Kimberlee Sweeney, Divorce and Relationship Coach.
Intimacy is not just about sex and touch. While we need touch and sexual intimacy to keep a relationship alive, we also need to cultivate intimacy in all its manifestations. Long term committed relationships need to be nurtured to ensure they thrive. There are four types of intimacy that will help relationships to flourish. We all need our own varying degrees of each type of intimacy in our relationship depending on our personalities and personal preferences.
1. Emotional Intimacy
Emotional intimacy is feeling comfortable enough with each other to be authentic and “real”. You need to feel comfortable expressing your thoughts and feelings, your deepest fears, dreams, desires and disappointments. It’s important to feel understood and safe enough to share personal feelings and thoughts without being judged or belittled. Emotional intimacy thrives when you feel supported and have a sense of trust from sharing with each other. Building more emotional intimacy requires an engagement in deeper more intimate conversations. Emotional intimacy means creating a safe space where you can talk about your emotions and experiences and talk about topics that you wouldn’t tend to share normally with others. Show interest in what each other is saying by validating their feelings so they feel understood and supported.
2. Intellectual Intimacy
Building intellectual intimacy is all about being able to speak your mind on views and topic’s without worrying if your partner will agree or disagree with you. Listening to one another in a respectful manner can create a sense of closeness. While you may not always agree on every topic it is important to acknowledge that we are all entitled to our own view points and beliefs. Allow your partner the freedom to have their own opinions and let them be heard. If you disagree, refrain from put-downs and sarcasm. Focus on listening and appreciate the opportunities to hear each other’s viewpoints. Intellectual intimacy is about stretching one’s mind and being open to ideas that may differ to your own, often creating thought provoking discussion for you both. Intelligent and philosophical conversation can be very sexually attractive for many and even quite arousing. It’s termed sapiosexual and some people need to develop intellectual intimacy first, to bond more intimately with their partner.
3. Experiential Intimacy
Experiential intimacy develops over time, the longer you are together and build great memories from shared experiences. Recalling these moments together triggers your senses just like a smell can trigger your memories, and enables you both to share those happy memories which in turn brings you closer together again. So, keep building memories all through your relationship by arranging dates, activities and experiences together. Every couple needs together time as well and individual alone time or time with friends outside of the relationship. Share those adventures verbally or physically with each other. It’s like building a brain road map for our lives together in all you do within and outside of the relationship and like a map will bring you closer to your desired “intimacy” destination.
4. Spiritual Intimacy
Spiritual intimacy will mean different things to different people. It could be a formalised religion that brings you together or meditation on the higher self or crystals and guardian angels, or connecting with nature. Talk to each other about what your spirituality and beliefs are and consider how these beliefs are aligned and whether or not they intersect. Sometimes your values and morals are aligned and integrated with your spirituality resulting in a deeper spiritual connection and intimacy.

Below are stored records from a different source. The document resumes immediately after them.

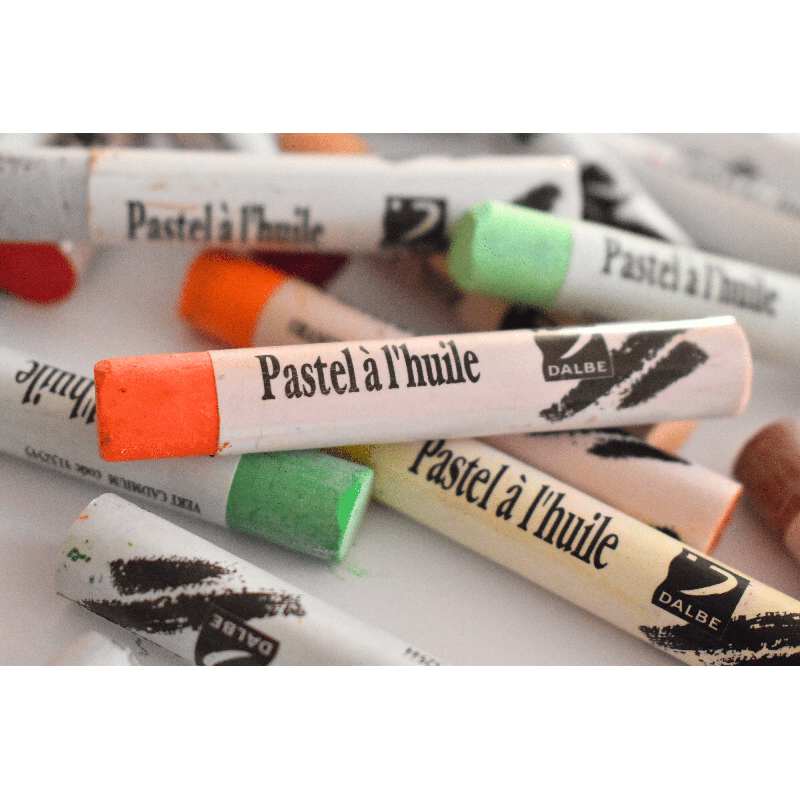 Pastels à l'huile - 505 Jaune chrome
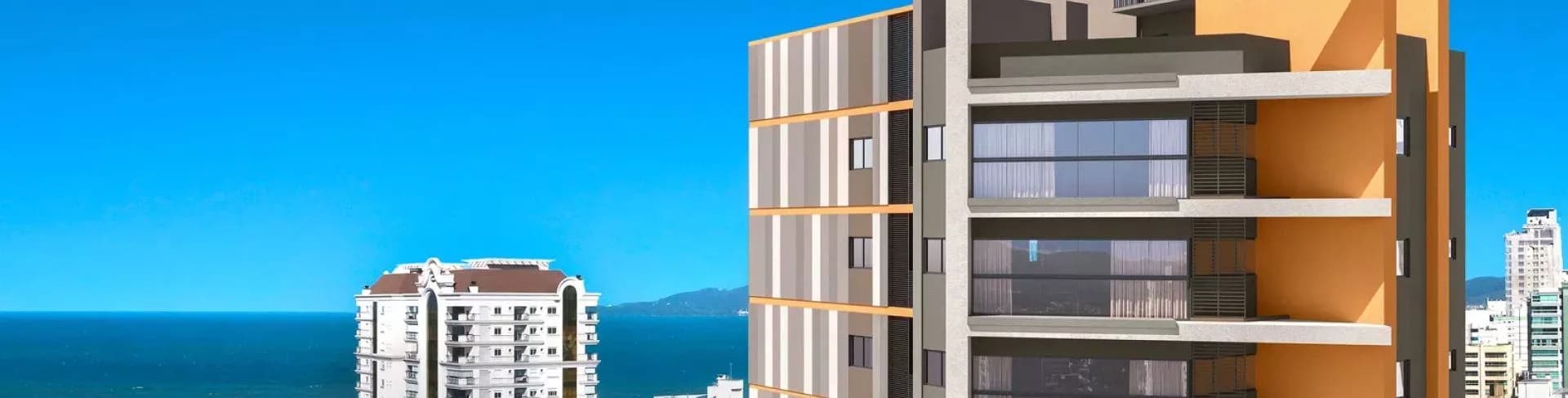 Fachada da Átma - Residencial, da Construtora Itapema Empreendimentos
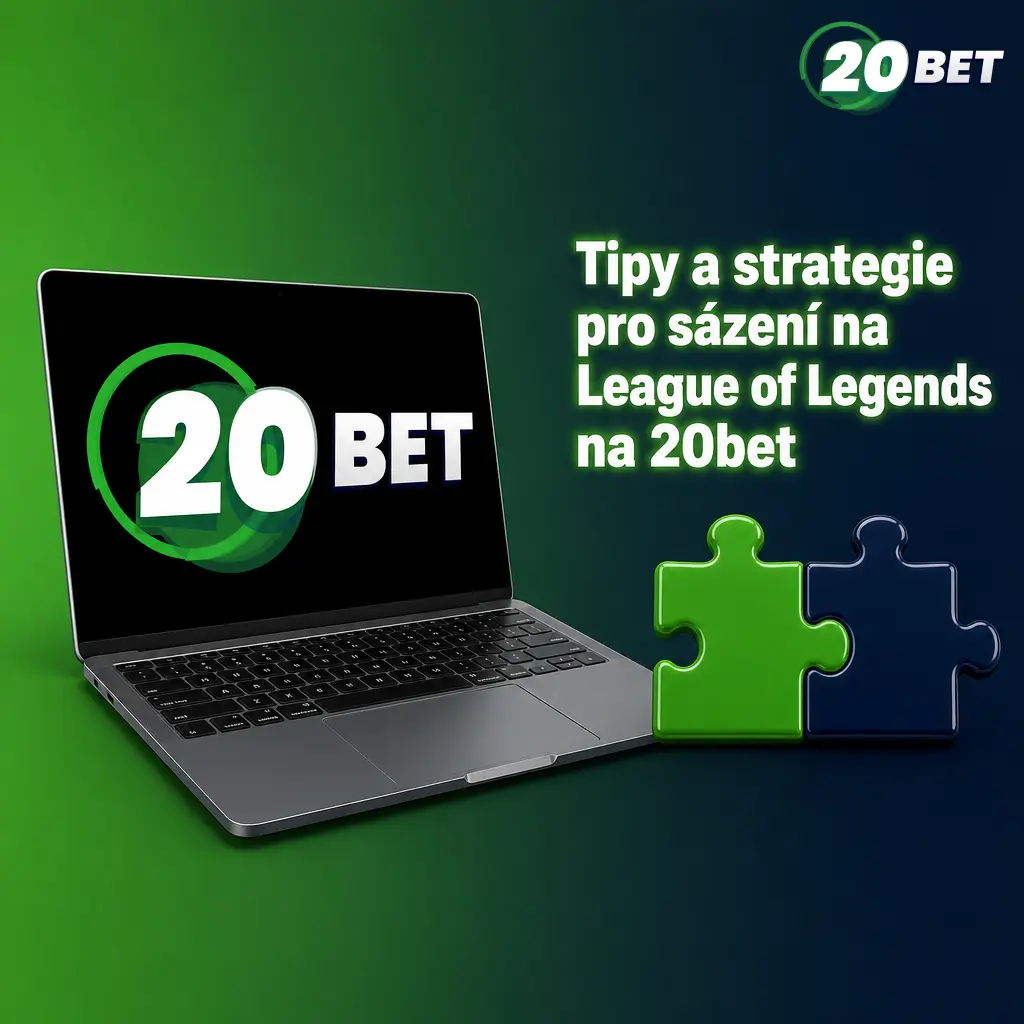 Tipy a strategie pro sázení na League of Legends na 20bet: bankroll, forma týmů, rostery, patche a live kurzy.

If you fear intimacy it will be worth exploring the barriers to intimacy. A coach may help you uncover hindrances such as self-protection. Those who have been hurt in their past relationships are often fearful about entering an intimate relationship again. Ultimately, we all want to be desired and desire leads to intimacy. Finding a person whom you feel safe enough to be with and to speak your truths will develop into an intimate connection if you are able to engage openly and truthfully with your partner. Not just physically, understanding each other and meeting each other’s needs once voiced, will enhance and strengthen your closeness and your love.
If you do not feel comfortable enough to work on the four types of intimacy with your partner then you must take a step back and re-evaluate the entire relationship. What you are getting out of it and can you both put some work into the areas that need strengthening.
There is someone out there for everyone to connect with. Allowing yourself to be venerable enough to speak your truths and see how your partner responds, will answer those quiet questions about the person that are inside your head. So be brave and speak your truth and the universe will show you the right partner for you in time.